*Required action*:
Without the pictures, print each of the records below exactly as it appears.

··· Listed entries

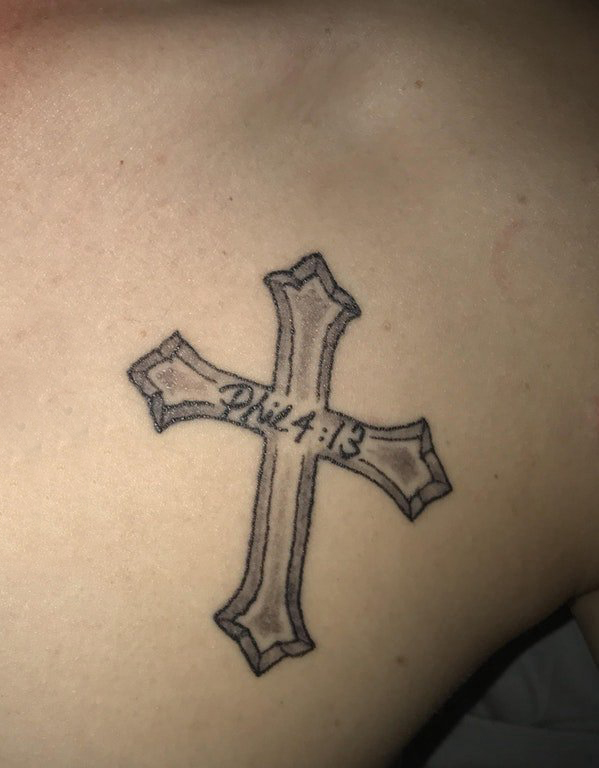 点击大图看下一张：男生后背上黑灰点刺简单线条十字架纹身图片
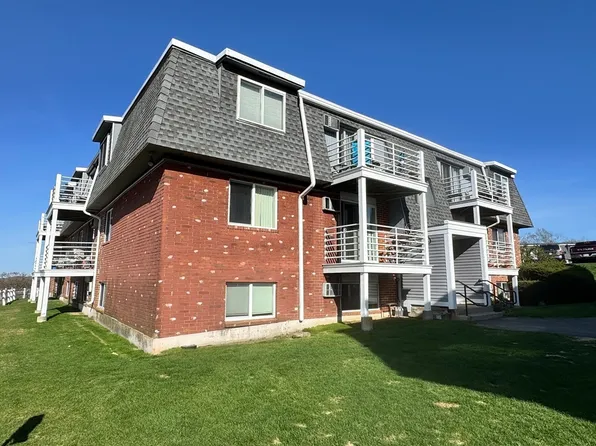 145 Essex Ave APT 501, Gloucester, MA 01930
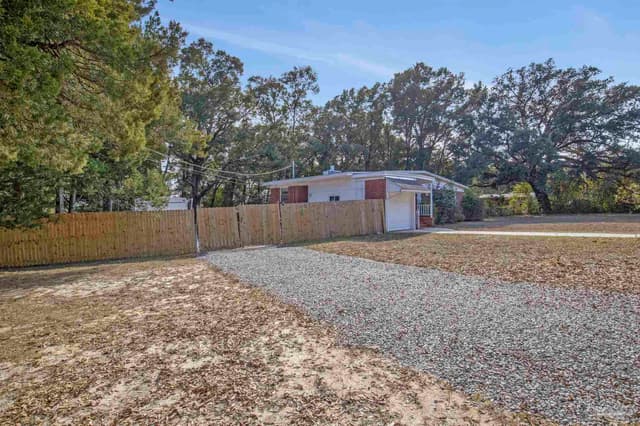 6589 Cedar St, Milton FL 32570 photo 6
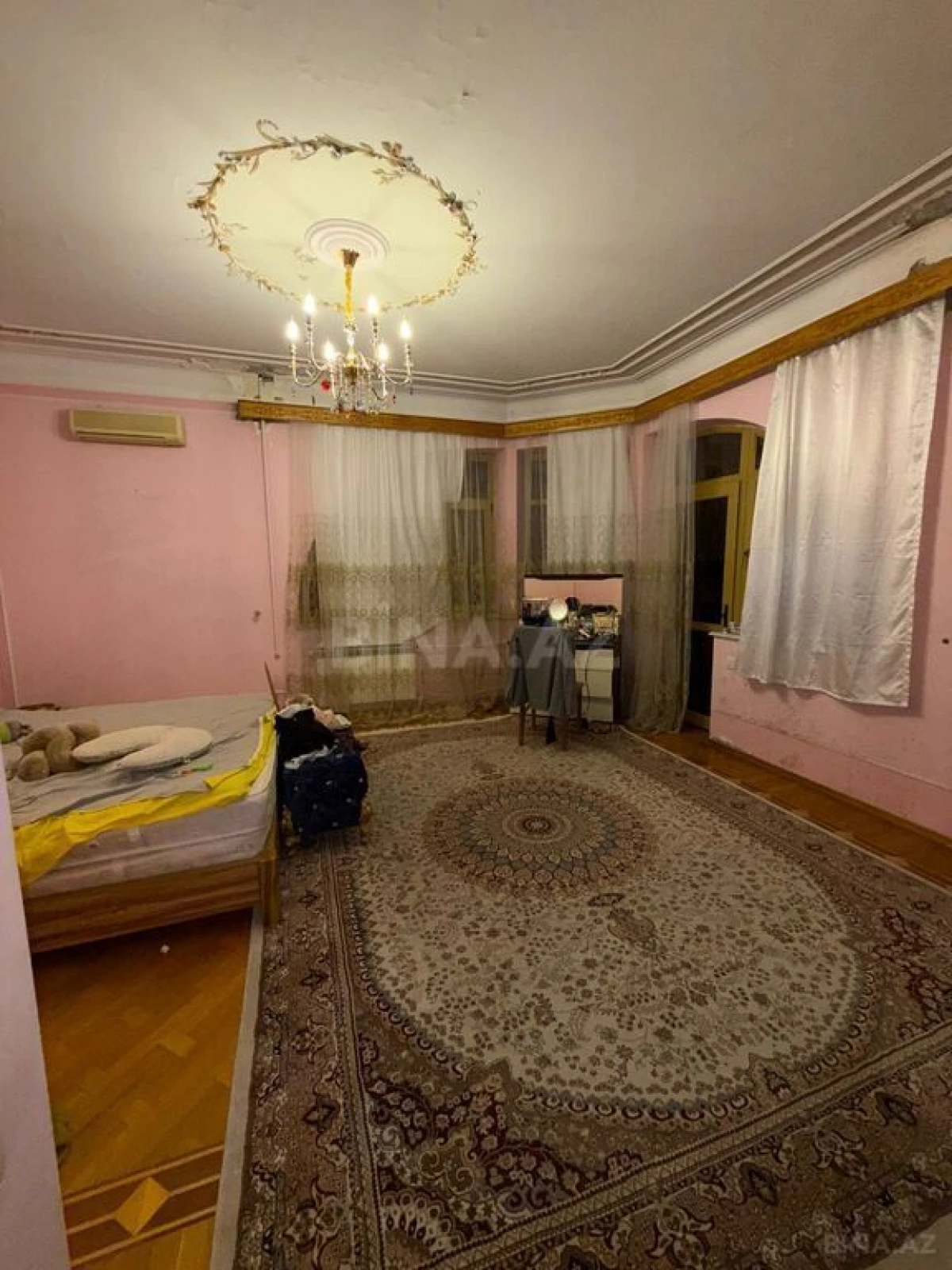 Satılır 10 otaqlı həyət evi 1100 m²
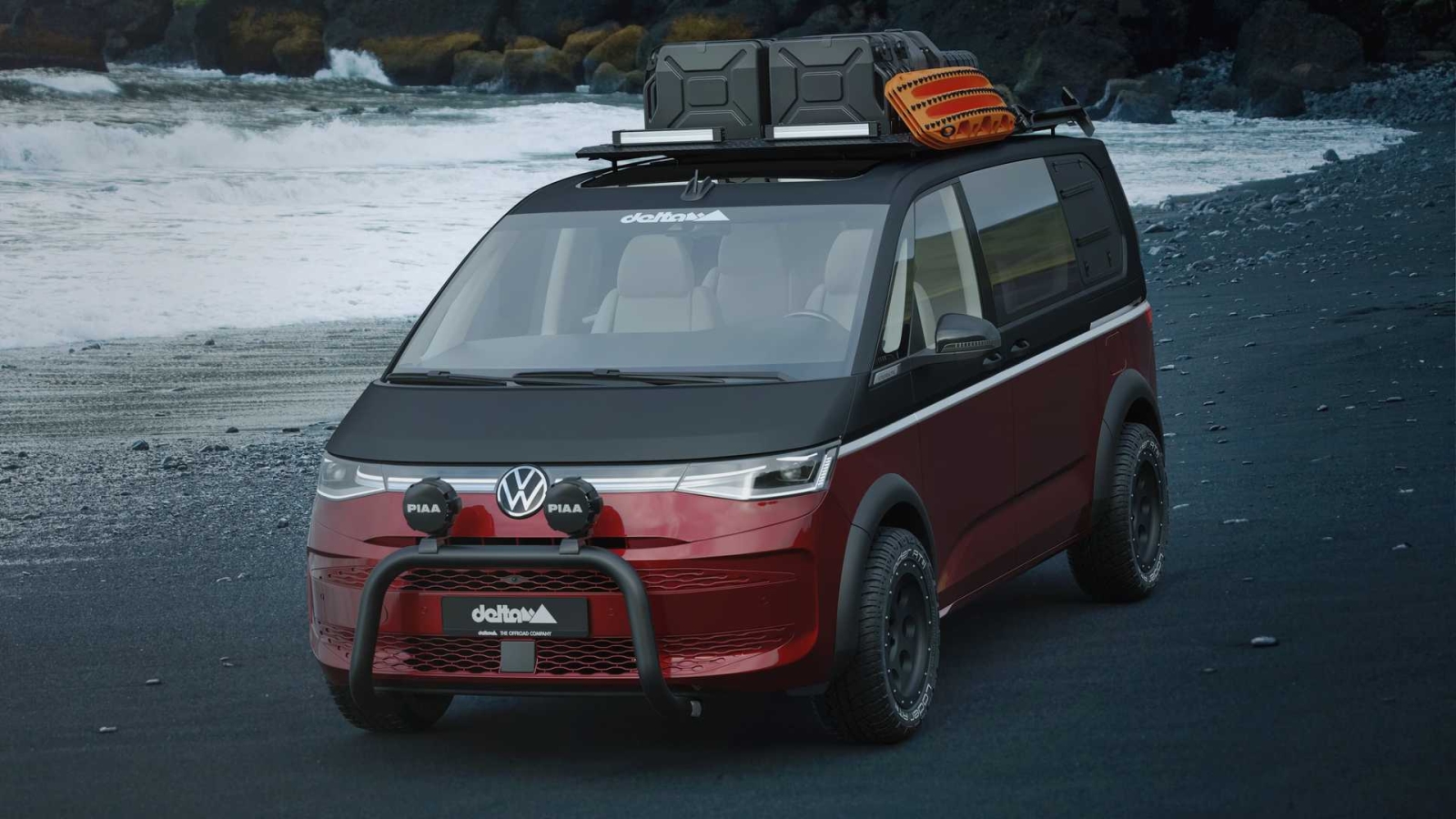 Rode Volkswagen Multivan uitgerust met off-road accessoires en bagage op het dak, geparkeerd op een rotsachtig strand met de oceaan op de achtergrond.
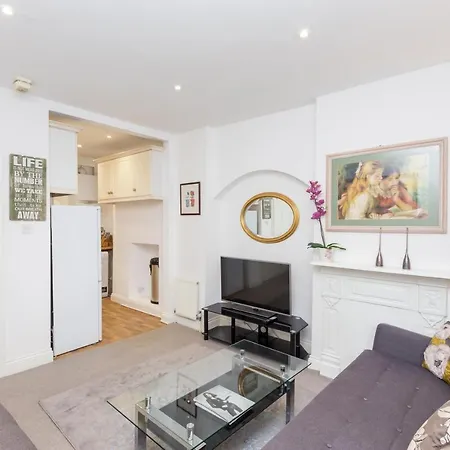 Shepherd Market Apartment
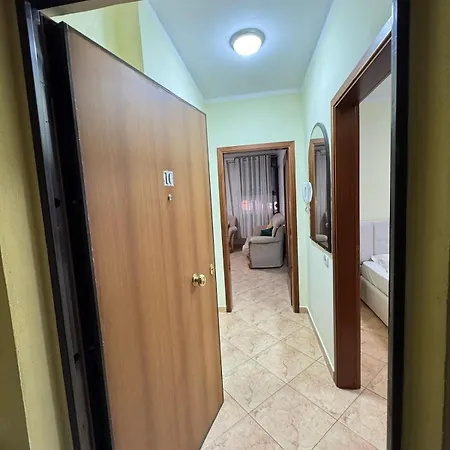 Robisa Escape Your Ideal Getaway Lejlighed Tirana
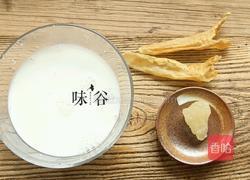 花胶炖鲜奶的做法图解1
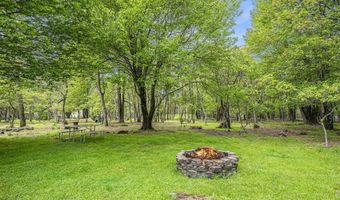 13 Denise Ct, Albrightsville, PA 18210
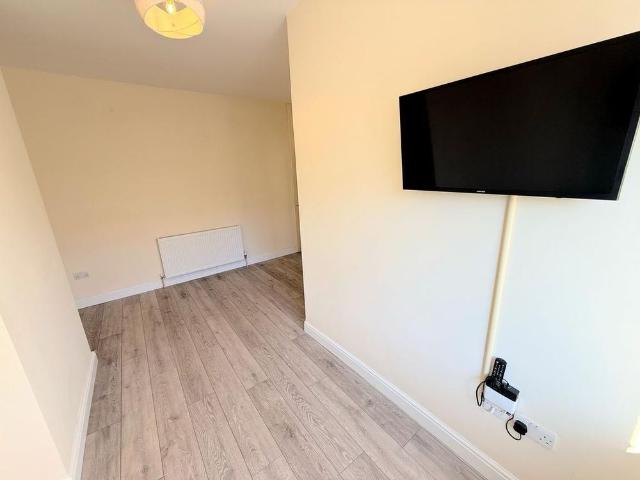 House for rent in Akroydon, Halifax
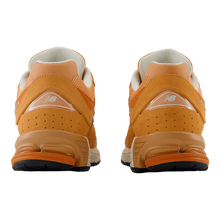 Load image into Gallery viewer, New Balance 2002R Copper/Salt M2002RFJ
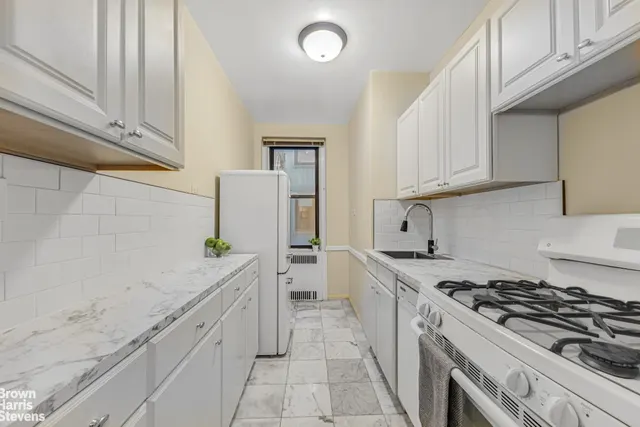 350 East 77th Street
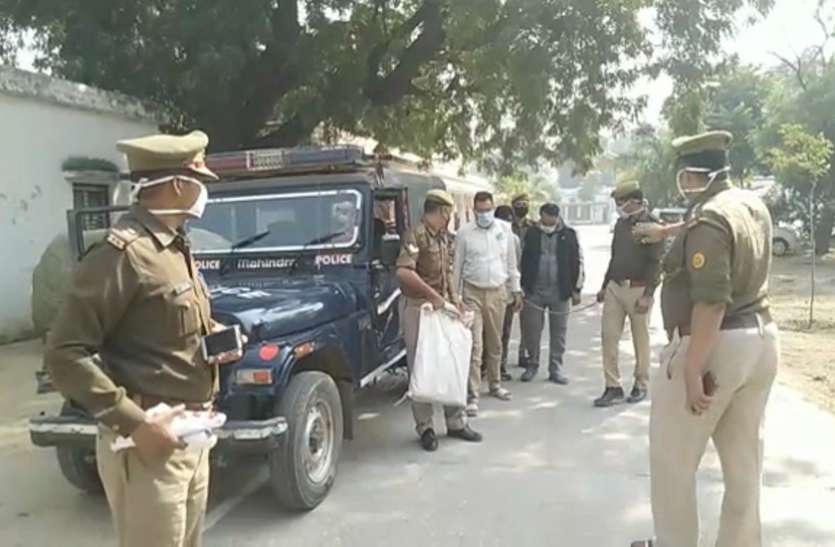muzaffarnagar.jpg बुलेट प्रूफ जैकेट और अवैध हथियारों के साथ तीन तस्कर चढ़े पुलिस के हत्थे, देखें वीडियो-
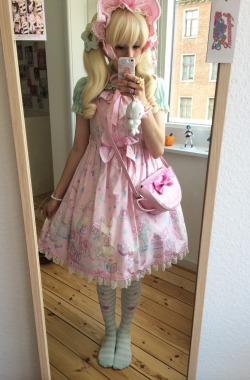 princess-nymm:  A toy parade coord♡ I really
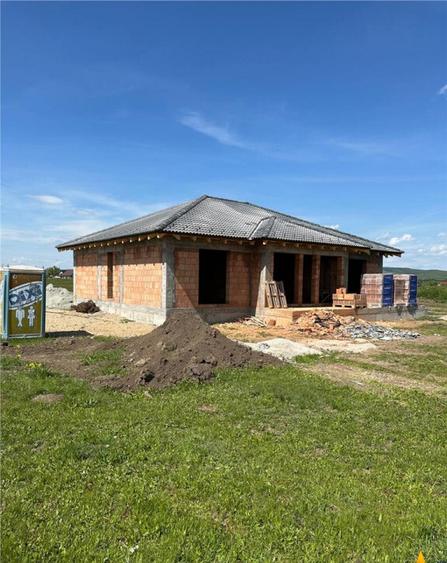 Casa la 15 minute de Brasov, DJ 112A, la rosu sau finalizata - 7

······

*Written solution*:
 点击大图看下一张：男生后背上黑灰点刺简单线条十字架纹身图片
 145 Essex Ave APT 501, Gloucester, MA 01930
 6589 Cedar St, Milton FL 32570 photo 6
 Satılır 10 otaqlı həyət evi 1100 m²
 Rode Volkswagen Multivan uitgerust met off-road accessoires en bagage op het dak, geparkeerd op een rotsachtig strand met de oceaan op de achtergrond.
 Shepherd Market Apartment
 Robisa Escape Your Ideal Getaway Lejlighed Tirana
 花胶炖鲜奶的做法图解1
 13 Denise Ct, Albrightsville, PA 18210
 House for rent in Akroydon, Halifax
 Load image into Gallery viewer, New Balance 2002R Copper/Salt M2002RFJ
 350 East 77th Street
muzaffarnagar.jpg बुलेट प्रूफ जैकेट और अवैध हथियारों के साथ तीन तस्कर चढ़े पुलिस के हत्थे, देखें वीडियो-
 princess-nymm:  A toy parade coord♡ I really
 Casa la 15 minute de Brasov, DJ 112A, la rosu sau finalizata - 7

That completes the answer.